Purchase Price $89,900

4 bed · 2 bath · 2,200 sqft

Amazing historic home. Tons of natural woodwork and wood floors. Has too many features to list, but some of the highlights are: detached two car garage with bonus workshop/studio above, has a chair lift on stairs, and much more.

Contact: Mark Clark at Berkshire Hathaway Homeservice

Call: 816-294-0880


House History & Gallery

The charming brick home at 1430 S. 25th St. was built in 1913 by local attorney Eugene Silverman and his new wife Josephine Heuschele Silverman. The couple’s wedding on June 22, 1911 took many in town by surprise. They had been sweethearts since they had been in school together but they had not announced that they were engaged. It was a small wedding officiated by Rabbi Louis Bernstein of Temple Adath Joseph in the parlors of the Robidoux Hotel with only immediate family in attendance. Eugene and Josephine lived with his mother until their house on South 25th Street was completed.

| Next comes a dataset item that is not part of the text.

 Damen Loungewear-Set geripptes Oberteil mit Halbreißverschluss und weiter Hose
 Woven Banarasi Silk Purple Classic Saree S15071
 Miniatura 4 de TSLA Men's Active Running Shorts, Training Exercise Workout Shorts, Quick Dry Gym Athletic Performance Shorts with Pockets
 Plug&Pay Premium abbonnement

Both Eugene and Josephine were St. Joseph natives, their parents among the large Jewish community that made such an impact on St. Joseph in the late 19th and early 20th centuries. Eugene’s parents were German immigrants, while Josephine’s, Charles Heuschele and Molly Mary Schafner were born in New York (though they were married in St. Joseph). One reason for the relative quietness of the wedding might have been that both families had some scandal in their background. In December 1884, Eugene’s father, Louis Silverman killed himself with an overdose of morphine due to severe financial problems. In 1897 Josephine’s father Charles Heuschele, who owned a drug store on St. Joseph Avenue, abandoned his wife and children. Josephine’s mother divorced him and he remarried quickly – so quickly in fact that in 1898 the newspapers were reporting that he had once again disappeared and his wife (#2) was worried (he returned and lived in St. Joseph until his death in the 1950s).

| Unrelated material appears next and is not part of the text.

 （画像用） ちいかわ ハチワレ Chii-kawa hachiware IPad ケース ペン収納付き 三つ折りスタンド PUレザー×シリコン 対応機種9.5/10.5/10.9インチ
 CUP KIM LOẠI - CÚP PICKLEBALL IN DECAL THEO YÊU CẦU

Eugene and Josephine attended the high school in St. Joseph together; Eugene was an honor student, and was valedictorian when he graduated in 1900. He then attended law school at the University of Missouri, graduating cum laude in 1906 and returning to St. Joseph to begin his career as an attorney. He was prominent in the musical culture of the Jewish community. On December 30, 1910 he sang tenor and was a soloist at the “Feast of Lights” at Temple Adath Joseph [Ethel Kinnaman, whose girlhood home on S. 17th Street is also featured on the Emporium: https://historicsaintjosephemporium.com/songbird-duplex, sang alto].

Eugene’s practice, Graham & Silverman, was housed in room 204 of the German American Bank Building. In 1916, he represented the Justices of the Peace in their quest to be paid salaries. He threatened to sue the county judges unless the JPs were paid fairly.

In 1922, Eugene and Josephine moved to an apartment on Frederick Avenue where they both lived until their deaths, and sold their home to Isaac and Genevieve Knotts who owned the house until well into the 1940s (it appears that at times they rented it out and lived elsewhere). Isaac was the manager of the Central Coal and Coke Co. Genevieve was 22 years younger than her husband whom she had married very unexpectedly in 1913. Genevieve Borngesser was a highly accomplished young woman before her marriage. She was the daughter of Frederich and Mary Borngesser and was known in the city for her fine singing voice. At the time of her marriage she was living in Chicago studying music. When she returned to St. Joseph after her marriage there she continued to perform sporadically around town. She and Isaac had two sons, Roy and John.

Isaac died on December 4, 1925 of appendicitis leaving an estate of more than $60,000 (appx. $864,600 in today’s money) that was to be placed in trust and used to support Genevieve and the boys until the boys were adults with the stipulation that if she remarried before the trust fund was administered, she lost her access to the funds. Genevieve and her youngest son John “Woody” continued to live at 1430 S. 25th St.. In 1942, John, still living with his mother, registered for the draft listing himself as unemployed and Genevieve as his closest relative. Eventually Genevieve did remarry and at the time of her death in 1965 she was living on N. 13th St.

During the 1930s Genevieve rented the house to others and lived elsewhere. The first of these was Leo and Hypatia Naeve. Leo was a manager for Hirsch Brothers Dry Goods and Hypatia was the recording secretary for the YWCA. In 1921, Leo made a bit of a stir in town when he won the single championship in tennis. When the Naeves moved out their place at 1430 was taken by the retired farmer Ruben Holmes, who died at the house in Feb. 1933. Between 1933 and 1936 Frederick and Hattie Dunn lived here [the Dunn’s later house, the Easton Bungalow at 1907 Pacific is also featured on the Emporium https://historicsaintjosephemporium.com/easton-bungalow]. Frederick was a line superintendant at the St. Joseph Railroad, Light, Heat, and Power Company. When the Dunns moved out Genevieve and her son John returned and remained there until about 1947.

This  lovely house has been home to extraordinary people over its lifetime and it is waiting for its next owner to make more extraordinary memories.